The taxation structure of a country can encourage certain activities by way of lower rates of taxation and incentives, and discourage other activities with the imposition of penalties or even blanket prohibitions.  In this way, the Act can effectively be understood as an exceptionally large policy document.

One of the activities the Act discourages is certain transfers of property between parties who can be said to not be dealing with each other at arm’s length.  The Act does this by way of a collection of anti-avoidance provisions.  The mischiefs these anti-avoidance rules relating to non-arm’s length transactions are seeking to discourage, are those transfers of property that would prevent the Minister of National Revenue (the “Minister”) from collecting the tax that, but for the non-arm’s length transaction, would properly be collectable.[3]

However, these same anti-avoidance rules sometimes capture transactions which, while not made between arm’s length parties, are not those types of transactions that are advantageous to specifically discourage.  Section 84.1,[4] which is about the non-arm’s length sale of shares, is one such anti-avoidance rule, and which, as a starting point, applies where:

… a taxpayer resident in Canada (other than a corporation) disposes of shares that are capital property of the taxpayer (…the “subject shares”) of any class of the capital stock of a corporation resident in Canada (…the “subject corporation”) to another corporation (…the “purchaser corporation”) with which the taxpayer does not deal at arm’s length and, immediately after the disposition, the subject corporation would be connected (…) with the purchaser corporation[.][5]

According to the Canada Revenue Agency (the “CRA”), s. 84.1 applies where:

  1. a taxpayer resident in Canada (other than a corporation) dispose of shares (the “subject shares”);
  2. the subject shares are of any class of the capital stock of a corporation resident in Canada (the “subject corporation”);
  3. the subject shares are capital property of the taxpayer;
  4. the disposition is to a corporation (the “purchaser corporation”) with which the taxpayer does not deal at arm’s length (…); and
  5. immediately after the disposition, the subject corporation is connected (…) with the purchaser corporation.[6]

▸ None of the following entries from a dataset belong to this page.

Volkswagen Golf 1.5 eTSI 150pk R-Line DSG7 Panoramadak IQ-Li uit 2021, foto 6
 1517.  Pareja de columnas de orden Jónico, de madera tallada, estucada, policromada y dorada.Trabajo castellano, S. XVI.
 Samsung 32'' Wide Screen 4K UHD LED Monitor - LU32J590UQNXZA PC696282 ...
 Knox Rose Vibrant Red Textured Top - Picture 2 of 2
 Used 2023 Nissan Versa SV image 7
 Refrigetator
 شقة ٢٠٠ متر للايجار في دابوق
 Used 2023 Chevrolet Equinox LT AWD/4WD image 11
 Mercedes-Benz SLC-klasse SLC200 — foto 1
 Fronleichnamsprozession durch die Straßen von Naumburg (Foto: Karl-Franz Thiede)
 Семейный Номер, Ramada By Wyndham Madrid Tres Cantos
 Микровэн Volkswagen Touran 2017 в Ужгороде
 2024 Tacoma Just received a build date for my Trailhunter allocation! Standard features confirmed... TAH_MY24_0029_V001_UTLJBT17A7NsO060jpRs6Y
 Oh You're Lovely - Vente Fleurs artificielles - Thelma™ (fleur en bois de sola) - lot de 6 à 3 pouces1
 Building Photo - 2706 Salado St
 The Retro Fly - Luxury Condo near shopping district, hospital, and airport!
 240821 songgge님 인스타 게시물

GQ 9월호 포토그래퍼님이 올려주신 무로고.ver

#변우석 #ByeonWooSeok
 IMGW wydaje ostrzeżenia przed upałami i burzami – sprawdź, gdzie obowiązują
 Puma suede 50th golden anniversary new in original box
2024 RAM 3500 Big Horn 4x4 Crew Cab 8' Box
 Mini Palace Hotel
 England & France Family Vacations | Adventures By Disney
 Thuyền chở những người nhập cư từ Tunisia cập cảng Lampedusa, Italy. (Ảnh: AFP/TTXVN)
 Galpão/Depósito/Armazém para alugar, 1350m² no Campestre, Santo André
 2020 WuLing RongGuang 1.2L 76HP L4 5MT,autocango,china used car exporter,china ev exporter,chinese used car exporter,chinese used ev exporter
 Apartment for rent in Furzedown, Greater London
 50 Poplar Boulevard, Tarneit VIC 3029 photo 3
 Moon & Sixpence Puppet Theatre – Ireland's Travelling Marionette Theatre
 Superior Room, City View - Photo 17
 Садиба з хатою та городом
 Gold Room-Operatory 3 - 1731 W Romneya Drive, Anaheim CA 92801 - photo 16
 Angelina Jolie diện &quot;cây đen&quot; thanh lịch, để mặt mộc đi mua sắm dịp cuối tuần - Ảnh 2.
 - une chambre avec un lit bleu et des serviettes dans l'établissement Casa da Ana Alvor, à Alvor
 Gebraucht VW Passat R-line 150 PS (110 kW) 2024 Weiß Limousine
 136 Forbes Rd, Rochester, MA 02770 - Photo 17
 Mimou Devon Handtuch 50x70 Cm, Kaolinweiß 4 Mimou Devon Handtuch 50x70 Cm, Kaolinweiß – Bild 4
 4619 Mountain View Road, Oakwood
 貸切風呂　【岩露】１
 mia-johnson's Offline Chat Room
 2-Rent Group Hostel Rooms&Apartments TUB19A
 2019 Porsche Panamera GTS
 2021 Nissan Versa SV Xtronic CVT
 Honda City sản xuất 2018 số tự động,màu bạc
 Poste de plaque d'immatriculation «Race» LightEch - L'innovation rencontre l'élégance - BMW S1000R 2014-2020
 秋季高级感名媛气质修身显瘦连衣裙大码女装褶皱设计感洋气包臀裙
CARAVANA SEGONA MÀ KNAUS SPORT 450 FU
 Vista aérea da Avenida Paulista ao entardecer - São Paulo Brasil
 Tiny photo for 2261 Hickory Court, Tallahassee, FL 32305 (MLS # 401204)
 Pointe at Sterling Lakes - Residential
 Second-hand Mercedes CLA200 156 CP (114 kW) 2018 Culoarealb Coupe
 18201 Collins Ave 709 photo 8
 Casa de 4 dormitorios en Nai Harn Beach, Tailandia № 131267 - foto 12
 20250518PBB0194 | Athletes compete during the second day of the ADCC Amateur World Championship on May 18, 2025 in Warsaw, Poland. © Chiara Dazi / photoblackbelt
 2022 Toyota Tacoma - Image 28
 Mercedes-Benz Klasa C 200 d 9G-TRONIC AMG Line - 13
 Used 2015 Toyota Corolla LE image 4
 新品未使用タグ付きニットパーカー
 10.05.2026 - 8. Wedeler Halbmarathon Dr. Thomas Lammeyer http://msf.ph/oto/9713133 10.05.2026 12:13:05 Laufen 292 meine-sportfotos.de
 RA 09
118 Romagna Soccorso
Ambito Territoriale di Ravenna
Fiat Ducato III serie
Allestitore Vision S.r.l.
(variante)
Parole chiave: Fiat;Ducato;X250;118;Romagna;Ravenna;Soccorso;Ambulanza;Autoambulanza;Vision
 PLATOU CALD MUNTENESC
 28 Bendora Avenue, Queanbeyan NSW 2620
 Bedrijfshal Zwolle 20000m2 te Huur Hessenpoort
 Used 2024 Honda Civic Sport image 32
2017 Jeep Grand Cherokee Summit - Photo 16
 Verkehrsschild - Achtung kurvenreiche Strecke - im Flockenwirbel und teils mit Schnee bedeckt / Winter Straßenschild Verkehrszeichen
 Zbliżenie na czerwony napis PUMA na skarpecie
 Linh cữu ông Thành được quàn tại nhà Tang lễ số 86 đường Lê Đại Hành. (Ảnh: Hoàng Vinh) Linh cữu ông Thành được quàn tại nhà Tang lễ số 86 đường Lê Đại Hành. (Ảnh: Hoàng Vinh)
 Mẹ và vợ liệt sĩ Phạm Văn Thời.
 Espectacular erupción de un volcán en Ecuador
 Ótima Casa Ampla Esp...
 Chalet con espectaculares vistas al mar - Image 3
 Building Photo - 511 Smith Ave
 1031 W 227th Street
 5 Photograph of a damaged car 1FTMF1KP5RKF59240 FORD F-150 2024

Although it may not be obvious on the above, the language of 84.1 could have the effect of catching up intergenerational family businesses operations on transfer from parent to child, and business operations being transferred between family members for any number of non-nefarious reasons.  Indeed, this very concern is what underpinned Private Member’s Bill C-208.[7]

Certainly the notion of a family business that has become successful enough to carry on as an intergenerational endeavour is the type of activity that we, as Canadians, do want to encourage, and so, in order to encourage, or at least not discourage, the intergenerational family farm, fishing corporation, or qualified small business, an amendment to s. 84.1 has come to pass.